►
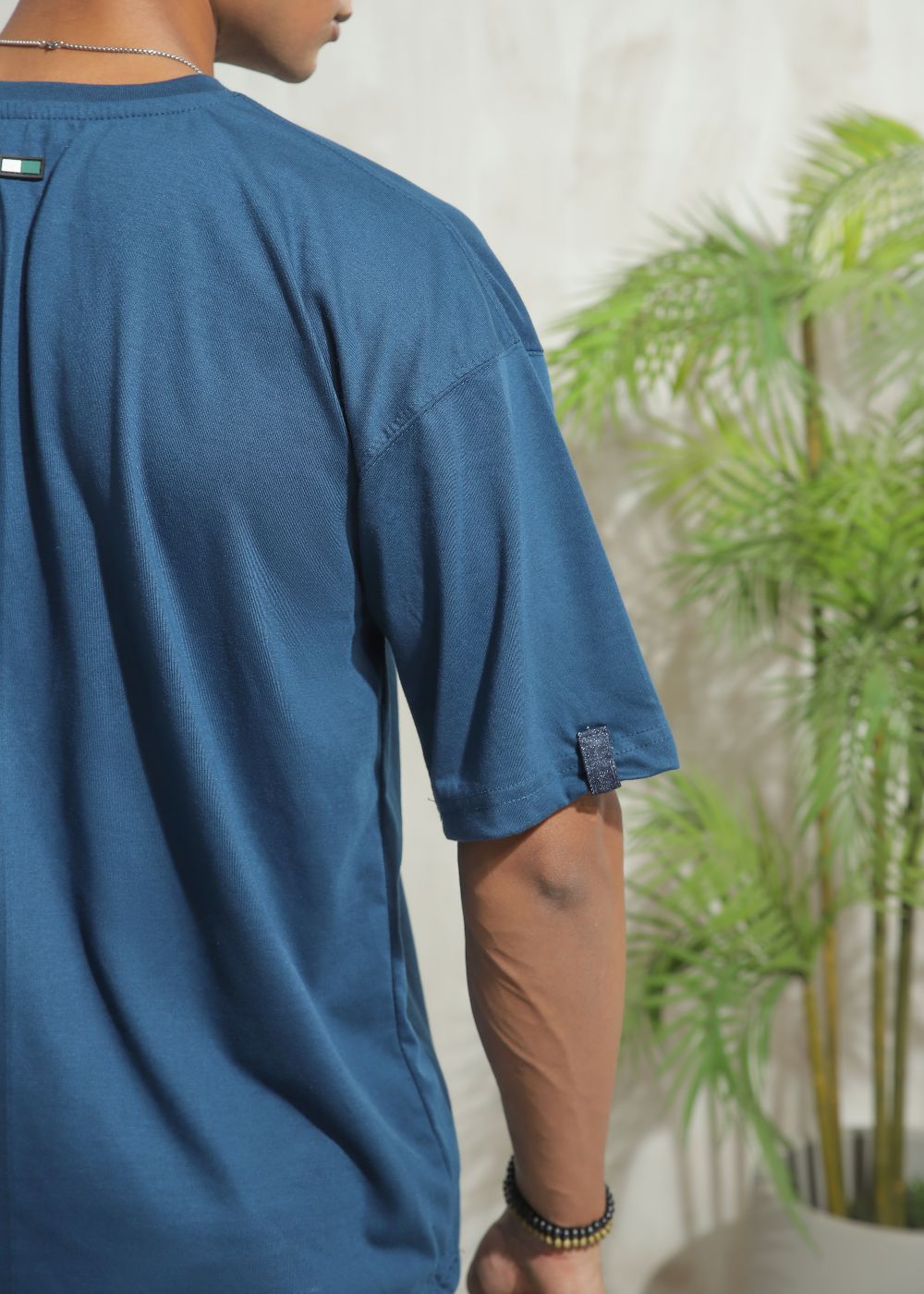 Men's oversized blue graphic t-shirt with drop shoulder fit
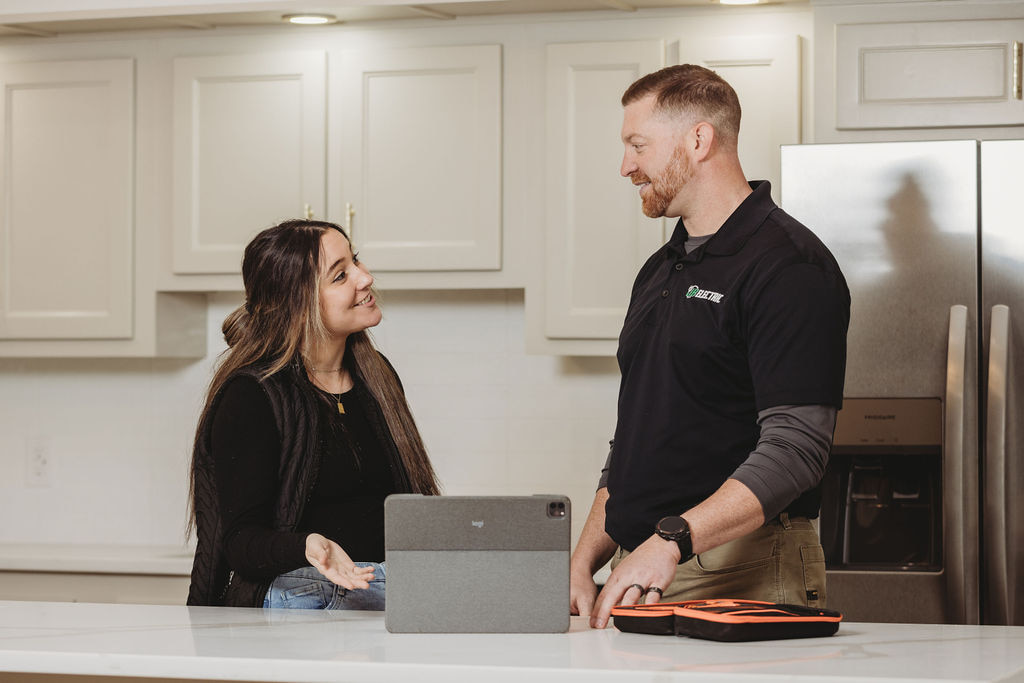 Two people discussing over a kitchen countertop.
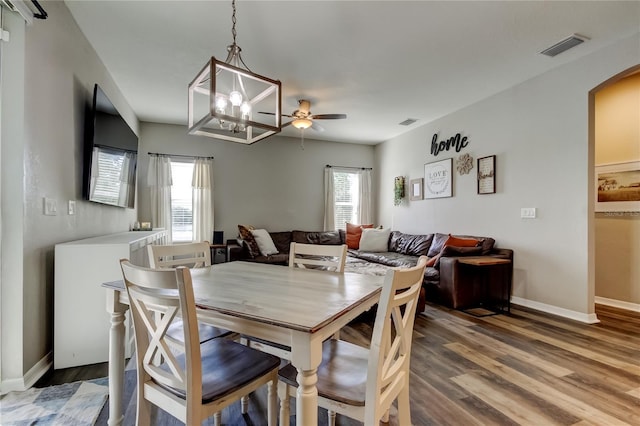 6648 Castle Green Pl, Zephyrhills, FL 33541 - dining room with arched walkways, light wood-style floors, a ceiling fan, and a chandelier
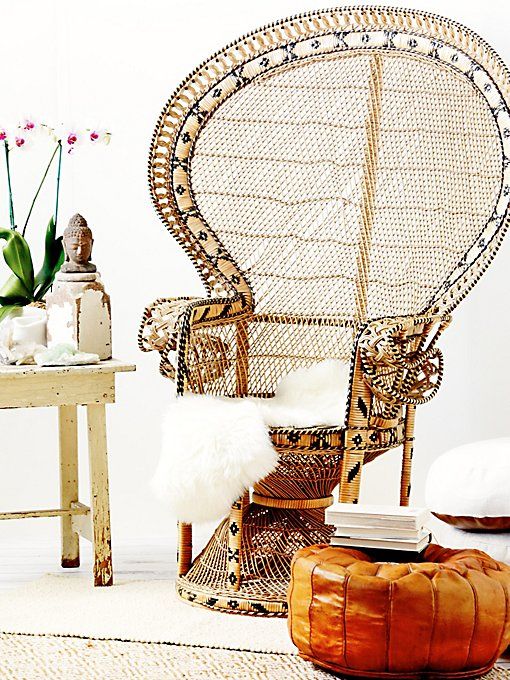 a peacock chair with yarn wrapping that adds a print to it, an amber leather ottoman and faux fur is impressive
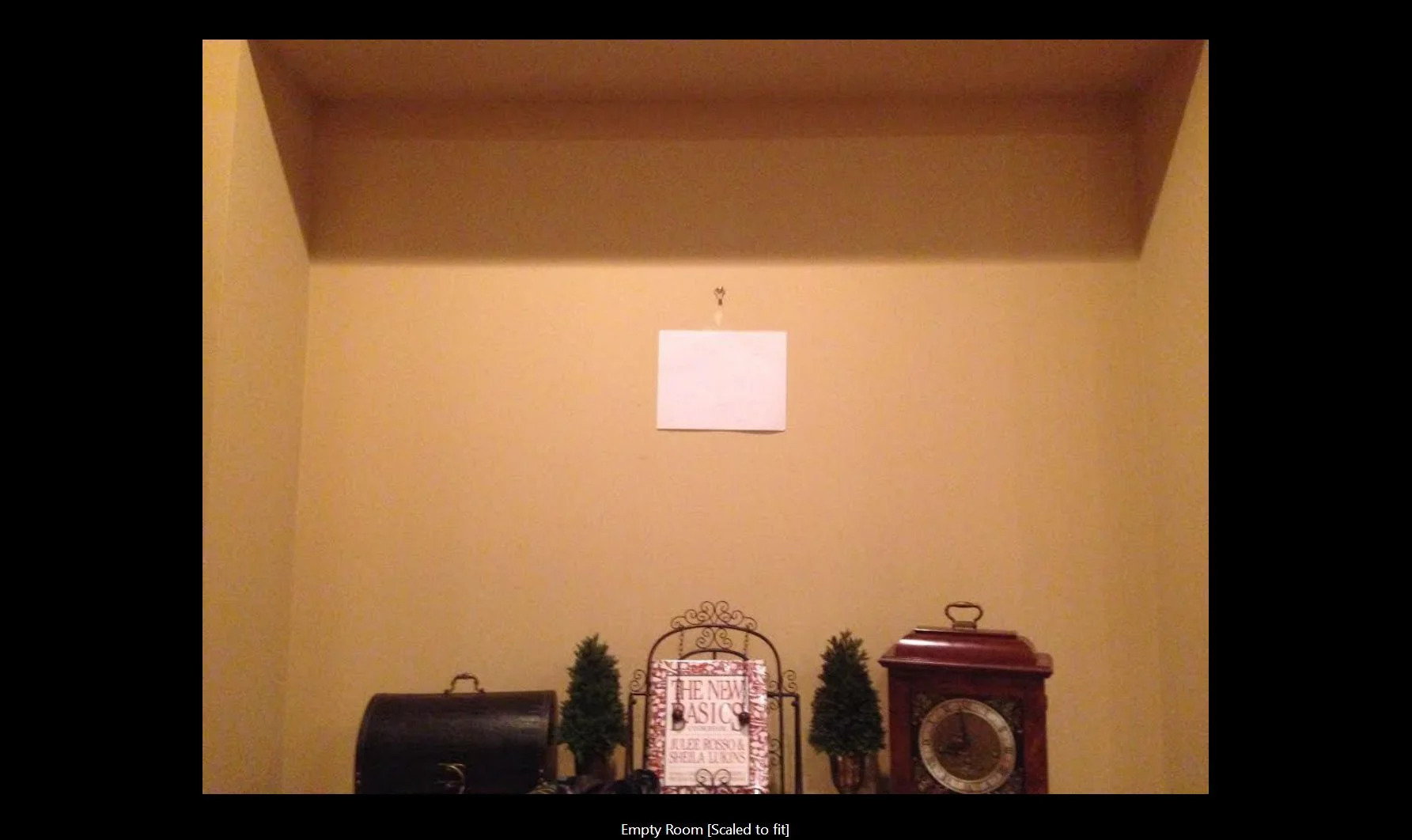 The client provided this photo (with 8.5x11 paper taped to wall for scale. It's a great shot because it includes just a touch of both walls and ceiling as well as the items on the furniture below where the art will hang.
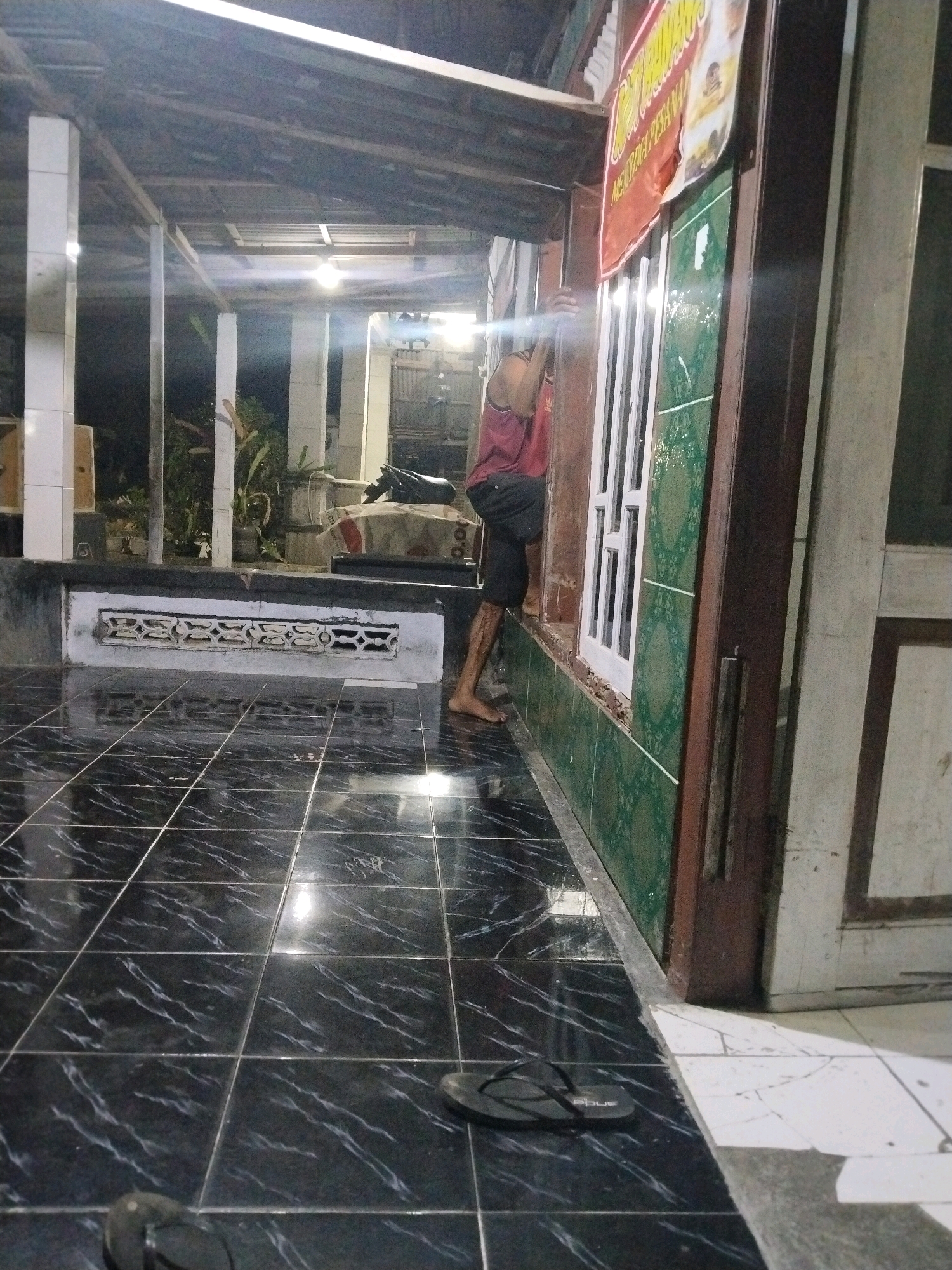 A person is observed climbing into a building through a window. The scene appears to be an outdoor area, possibly a shop or residential building, at night. The person is wearing a red tank top and black shorts. The building has a tiled facade with green patterned tiles and a wooden frame around the window. The ground is covered in shiny black tiles. A sign with red and yellow lettering is partially visible above the window. In the background, there are pillars, some plants, and what looks like a motorcycle parked. The lighting suggests artificial light sources are present. The location is identified as Pandan Blole, Indonesia.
◄
What you should do
Before writing out the material above, please remove its pictures; everything else stays exact.

Exercise result
 Men's oversized blue graphic t-shirt with drop shoulder fit
 Two people discussing over a kitchen countertop.
 6648 Castle Green Pl, Zephyrhills, FL 33541 - dining room with arched walkways, light wood-style floors, a ceiling fan, and a chandelier
 a peacock chair with yarn wrapping that adds a print to it, an amber leather ottoman and faux fur is impressive
 The client provided this photo (with 8.5x11 paper taped to wall for scale. It's a great shot because it includes just a touch of both walls and ceiling as well as the items on the furniture below where the art will hang.
 A person is observed climbing into a building through a window. The scene appears to be an outdoor area, possibly a shop or residential building, at night. The person is wearing a red tank top and black shorts. The building has a tiled facade with green patterned tiles and a wooden frame around the window. The ground is covered in shiny black tiles. A sign with red and yellow lettering is partially visible above the window. In the background, there are pillars, some plants, and what looks like a motorcycle parked. The lighting suggests artificial light sources are present. The location is identified as Pandan Blole, Indonesia.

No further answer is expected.